Sull'UNITA' di oggi, 02/06/2011, Umberto De Giovannangeli è l'unico fra i giornalisti italiani ad intervistare Abu Mazen, a Roma quale invitato per la cerimonia della festa della Repubblica. Le sue domande però sono le solite, servite con i guanti su un piatto d'argento, caro Udg, suvvia, un po' di coraggio, copi da Battistini, che sul CORRIERE della SERA di oggi,a pag. 21 intervista Shimon Peres, il presdiente dello Stato d'Israele, guardi che domande acute gli pone, Battistini è curioso,ha lasciato da parte il violino che abitualnete suona quando si tratta di raccontare gli affari arabo-palestinesi, con Peres va a ruota libera, come per altro dovrebbe fare ogni buon cronista. Peccato che Battistini se ne ricordi solo quando di fronte ha un israeliano, su, Battistini, faccia uno sforzo, lo faccia con tutti.
Ecco l'intervista, che esce con un titolo che male riassume gli argomenti trattati, " Negoziare con i palestinesi si può, ma solo lavorando dietro le quinte".

Shimon Peres
DAL NOSTRO CORRISPONDENTE GERUSALEMME
Presidente Peres, fra tanti leader mondiali, oggi a Roma troverà anche Abu Mazen. È vero quel che scrive la stampa israeliana, che mentre il premier Netanyahu fa la voce grossa, in gran segreto lei s'incontra e negozia da mesi col presidente dell'Autorità palestinese?
«Guardi, ci sono sempre un sacco di voci nella vita politica. Non possiamo sfuggirvi, ma nemmeno usarle come punto di riferimento…» .

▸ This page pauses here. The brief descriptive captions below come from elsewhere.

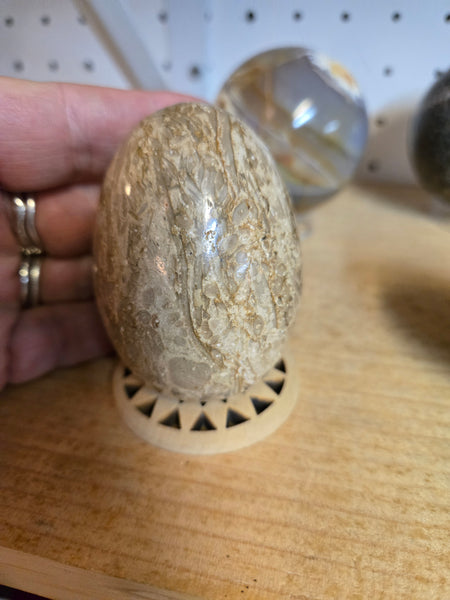 Picture Jasper Egg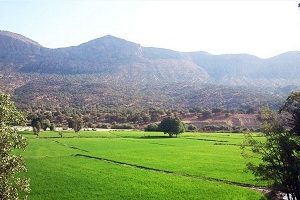 Kamfiruz吉達薩爾村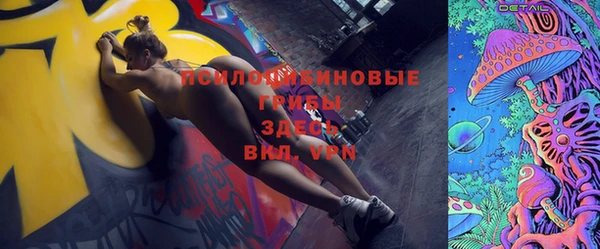 сатива Струнино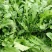 蒲公英种子四季种植野生婆婆丁野菜大田盆栽阳台可食用药用蔬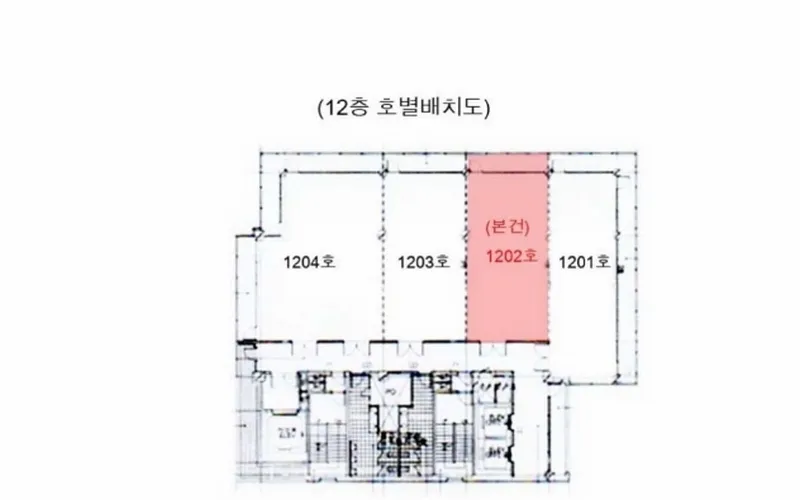 사진 16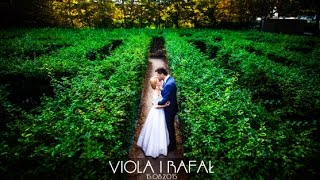 Wedding clip I Viola & Rafał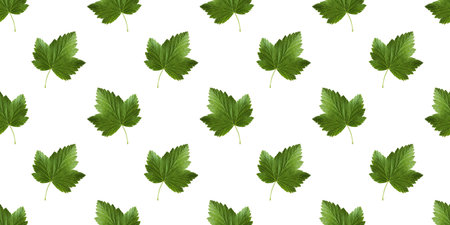 Fresh green black currant leaves creating a seamless pattern on a pristine white backdrop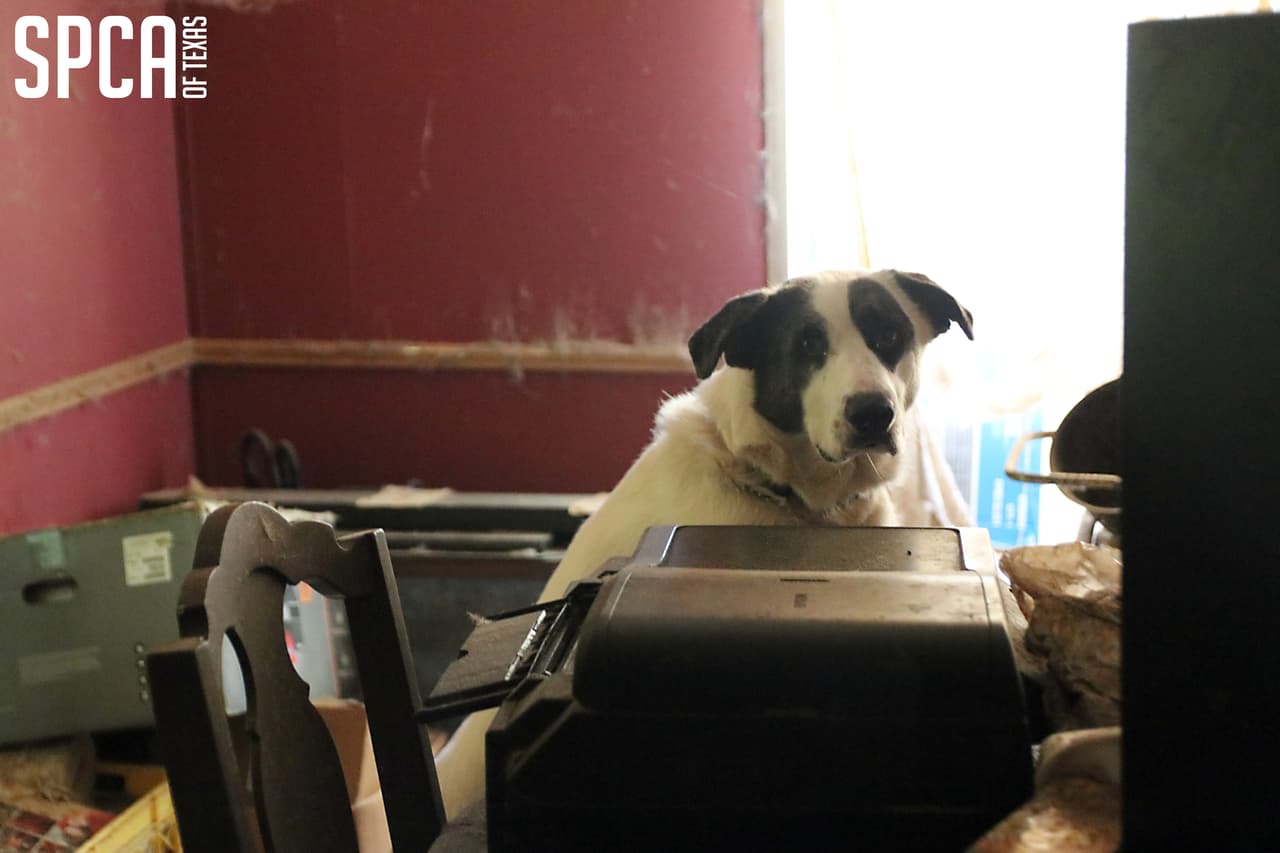 Tres perros fueron encontrados atados con cadenas a los árboles y otros seis perros estabán vagando libremente en la propiedad.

Ma dopo il discorso di Netanyahu al Congresso, che è sembrato chiudere su ogni richiesta di Obama, sopravvive la possibilità d'un accordo?
«Penso che si debba aprire un negoziato diretto e condurlo con discrezione. Perché bisogna sempre distinguere fra posizioni d'apertura e mosse dietro le quinte. Le posizioni d'apertura sono, il più delle volte, le più estreme: al momento, queste posizioni le avverto da tutt'e due le parti. Allora, se ci sono le aperture e bisogna trovare un terreno comune, lo si fa senza troppa pubblicità. Ogni mossa non può essere seguita dai media: se c'è pressione, non possiamo più muoverci. La strada giusta è aprire i negoziati pubblicamente e poi condurli con discrezione, per raggiungere un vero accordo» . Deimille vestiti che Shimon Peres ha indossato nella sua vita lunghissima, l'ultimo gli somiglia di più: la grisaglia tenue e morbida del dialogo riservato, in un Paese costretto da sempre alla divisa ruvida e sgargiante delle emergenze urlate. Un inossidabile padre della patria. Un quasi ottantottenne che ancora s'appassiona di nanotecnologia, impreziosisce i discorsi con poesie giapponesi, tesse opportunità di pace col realismo del tirare a campare. «I leader italiani — dice — li ho conosciuti tutti. Uno che mi ha colpito, però, è stato Andreotti. La prima volta era ministro della Difesa, come me. Molti anni fa. E già m'impressionava la sua saggezza. Un giorno gli chiesi come avesse fatto a sopravvivere a tanti governi. Mi rispose: "Guardi, basta non considerare i ministri come amici. Per stare con gli amici, si va in vacanza: stare al governo è un'altra faccenda". M'è sempre piaciuta questa sua saggezza» . Saggio o avventato, Abu Mazen sogna di proclamare l'indipendenza palestinese entro l'anno.
Ha qualche chance?
«Penso di sì. Le distanze possono essere colmate. E credo che entrambe le parti debbano cercare di rinnovare i negoziati diretti. Perché molte cose sono cambiate. Dal punto di vista israeliano, oggi noi siamo per la soluzione dei due Stati: una volta non era così, l'opzione dei due Stati era controversa. Adesso i palestinesi stanno costruendo il loro Stato col sostegno d'Israele. Con un'economia, istituzioni, forze di sicurezza. I progressi sono sotto i nostri occhi. Anche se ci sono altri passi da fare e si devono superare le questioni controverse che ancora rimangono» .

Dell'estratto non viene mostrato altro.